Prusti – Deductive Verification for Rust
Producing reliable systems software is a major challenge, plagued by the ubiquitous problems of shared mutable state, pointer aliasing, dynamic memory management, and subtle concurrency issues such as race conditions; even expert programmers struggle to tame the wide variety of reasons why their programs may not behave as they intended. Formal verification offers potential solutions to many of these problems, but typically at a very high price: the mathematical techniques employed are highly-complex, and difficult for even expert researchers to understand and apply. The relatively-new Rust programming language is designed to help with the former problem: a powerful ownership type system requires programmers to specify and restrict their discipline for referencing heap locations, providing in return the strong guarantee (almost; we’ll discuss this..) that code type-checked by this system will be free from dangling pointers, unexpected aliasing, race conditions and the like. While this rules out a number of common errors, the question of whether a program behaves as intended remains.

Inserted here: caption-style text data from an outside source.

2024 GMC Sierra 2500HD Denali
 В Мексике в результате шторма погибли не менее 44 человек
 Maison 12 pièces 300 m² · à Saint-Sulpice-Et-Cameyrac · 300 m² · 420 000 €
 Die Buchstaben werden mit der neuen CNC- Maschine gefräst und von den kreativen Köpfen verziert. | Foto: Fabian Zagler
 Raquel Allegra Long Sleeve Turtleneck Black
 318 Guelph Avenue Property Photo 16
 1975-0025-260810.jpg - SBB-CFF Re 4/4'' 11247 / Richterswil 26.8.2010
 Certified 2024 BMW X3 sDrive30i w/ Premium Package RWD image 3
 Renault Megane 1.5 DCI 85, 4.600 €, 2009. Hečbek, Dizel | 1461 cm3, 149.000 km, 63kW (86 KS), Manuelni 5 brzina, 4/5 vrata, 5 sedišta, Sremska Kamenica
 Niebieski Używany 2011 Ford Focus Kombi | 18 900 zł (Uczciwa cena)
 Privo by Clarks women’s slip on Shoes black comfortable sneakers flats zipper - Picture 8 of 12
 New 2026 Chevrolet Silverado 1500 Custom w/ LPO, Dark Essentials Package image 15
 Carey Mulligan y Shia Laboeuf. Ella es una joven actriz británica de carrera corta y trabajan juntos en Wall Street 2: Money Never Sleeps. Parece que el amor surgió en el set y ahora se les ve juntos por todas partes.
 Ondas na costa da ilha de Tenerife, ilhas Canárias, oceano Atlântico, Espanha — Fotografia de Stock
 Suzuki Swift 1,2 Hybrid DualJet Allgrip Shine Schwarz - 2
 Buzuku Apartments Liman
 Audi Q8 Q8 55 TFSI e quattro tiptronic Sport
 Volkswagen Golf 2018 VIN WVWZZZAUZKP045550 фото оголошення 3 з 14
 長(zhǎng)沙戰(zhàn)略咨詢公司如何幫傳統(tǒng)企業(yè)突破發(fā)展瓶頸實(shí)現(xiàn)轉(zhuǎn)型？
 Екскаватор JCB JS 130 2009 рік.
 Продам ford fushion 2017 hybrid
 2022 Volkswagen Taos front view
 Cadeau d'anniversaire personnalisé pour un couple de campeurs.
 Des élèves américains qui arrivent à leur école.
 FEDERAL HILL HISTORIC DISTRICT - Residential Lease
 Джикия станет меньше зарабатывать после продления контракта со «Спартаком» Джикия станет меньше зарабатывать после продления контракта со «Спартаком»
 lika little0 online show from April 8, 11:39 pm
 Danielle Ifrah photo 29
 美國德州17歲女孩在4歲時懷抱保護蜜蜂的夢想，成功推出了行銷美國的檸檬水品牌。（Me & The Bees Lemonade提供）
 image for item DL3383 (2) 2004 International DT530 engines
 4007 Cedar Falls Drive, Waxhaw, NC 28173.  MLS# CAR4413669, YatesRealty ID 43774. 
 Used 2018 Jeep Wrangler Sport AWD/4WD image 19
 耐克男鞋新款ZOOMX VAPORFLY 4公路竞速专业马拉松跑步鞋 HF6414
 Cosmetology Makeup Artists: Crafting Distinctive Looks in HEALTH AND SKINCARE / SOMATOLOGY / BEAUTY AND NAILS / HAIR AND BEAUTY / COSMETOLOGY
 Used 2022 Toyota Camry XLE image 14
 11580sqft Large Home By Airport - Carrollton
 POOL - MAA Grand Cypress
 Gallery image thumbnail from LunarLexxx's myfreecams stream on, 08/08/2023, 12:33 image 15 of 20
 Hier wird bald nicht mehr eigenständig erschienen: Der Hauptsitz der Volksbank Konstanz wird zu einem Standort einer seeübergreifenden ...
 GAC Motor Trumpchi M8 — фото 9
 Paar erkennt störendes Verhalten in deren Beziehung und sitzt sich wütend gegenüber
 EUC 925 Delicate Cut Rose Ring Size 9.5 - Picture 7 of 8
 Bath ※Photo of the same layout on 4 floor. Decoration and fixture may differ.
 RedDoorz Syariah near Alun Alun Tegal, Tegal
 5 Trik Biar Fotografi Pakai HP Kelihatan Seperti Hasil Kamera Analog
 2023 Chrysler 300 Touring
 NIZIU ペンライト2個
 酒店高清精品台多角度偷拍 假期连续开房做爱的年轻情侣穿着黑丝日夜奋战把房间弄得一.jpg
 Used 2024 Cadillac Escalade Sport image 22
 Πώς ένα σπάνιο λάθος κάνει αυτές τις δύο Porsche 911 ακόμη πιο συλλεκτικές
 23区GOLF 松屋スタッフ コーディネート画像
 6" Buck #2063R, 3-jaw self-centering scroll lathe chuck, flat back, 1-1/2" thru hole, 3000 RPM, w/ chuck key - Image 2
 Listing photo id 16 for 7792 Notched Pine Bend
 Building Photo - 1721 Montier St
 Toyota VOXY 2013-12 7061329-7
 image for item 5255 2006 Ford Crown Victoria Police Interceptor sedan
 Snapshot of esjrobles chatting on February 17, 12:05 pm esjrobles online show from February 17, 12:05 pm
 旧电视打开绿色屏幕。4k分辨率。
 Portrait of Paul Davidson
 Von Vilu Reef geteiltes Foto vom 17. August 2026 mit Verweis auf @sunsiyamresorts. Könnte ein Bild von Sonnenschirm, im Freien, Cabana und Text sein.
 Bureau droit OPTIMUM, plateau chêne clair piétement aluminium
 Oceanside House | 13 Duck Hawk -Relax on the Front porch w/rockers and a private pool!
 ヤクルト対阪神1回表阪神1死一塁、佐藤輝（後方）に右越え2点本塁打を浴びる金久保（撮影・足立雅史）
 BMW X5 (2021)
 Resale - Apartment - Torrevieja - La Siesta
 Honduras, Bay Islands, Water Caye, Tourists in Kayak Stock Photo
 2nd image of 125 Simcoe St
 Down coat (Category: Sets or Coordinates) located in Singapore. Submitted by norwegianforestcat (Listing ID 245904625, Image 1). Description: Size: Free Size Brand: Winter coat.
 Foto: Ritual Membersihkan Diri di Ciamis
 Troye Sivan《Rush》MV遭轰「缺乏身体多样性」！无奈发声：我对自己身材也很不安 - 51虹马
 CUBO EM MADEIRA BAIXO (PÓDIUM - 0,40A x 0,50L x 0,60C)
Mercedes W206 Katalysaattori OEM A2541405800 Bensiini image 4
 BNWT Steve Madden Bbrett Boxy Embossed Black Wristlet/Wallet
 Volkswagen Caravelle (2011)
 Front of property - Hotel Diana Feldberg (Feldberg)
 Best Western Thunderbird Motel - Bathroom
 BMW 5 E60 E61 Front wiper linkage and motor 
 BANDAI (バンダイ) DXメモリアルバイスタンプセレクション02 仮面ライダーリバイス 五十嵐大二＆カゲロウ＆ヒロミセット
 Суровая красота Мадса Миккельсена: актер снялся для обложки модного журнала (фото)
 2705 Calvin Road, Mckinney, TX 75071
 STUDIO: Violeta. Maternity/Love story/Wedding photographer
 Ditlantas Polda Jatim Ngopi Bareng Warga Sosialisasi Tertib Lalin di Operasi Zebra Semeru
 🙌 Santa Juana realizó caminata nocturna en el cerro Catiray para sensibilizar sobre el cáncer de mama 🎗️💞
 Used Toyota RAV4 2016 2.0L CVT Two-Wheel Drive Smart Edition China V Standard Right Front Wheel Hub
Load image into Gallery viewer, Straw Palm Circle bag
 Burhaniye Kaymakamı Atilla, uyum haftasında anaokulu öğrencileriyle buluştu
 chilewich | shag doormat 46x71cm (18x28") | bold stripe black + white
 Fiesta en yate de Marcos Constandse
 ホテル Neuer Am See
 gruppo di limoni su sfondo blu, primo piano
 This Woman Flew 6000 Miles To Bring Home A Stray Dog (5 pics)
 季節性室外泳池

In this tutorial I’ll give an introduction to the Prusti project, which leverages Rust’s type system and compiler analyses for formal verification of Rust code. By combining the rich information available about a type-checked Rust program with separate user-specification of intended behaviour, Prusti enables a user to verify functional correctness of their code without interacting with a complex program logic; in particular, specifications and all interactions with our implemented tool are at the level of abstraction of Rust expressions. The tutorial will include live demos with the tool, and audience participation is strongly encouraged!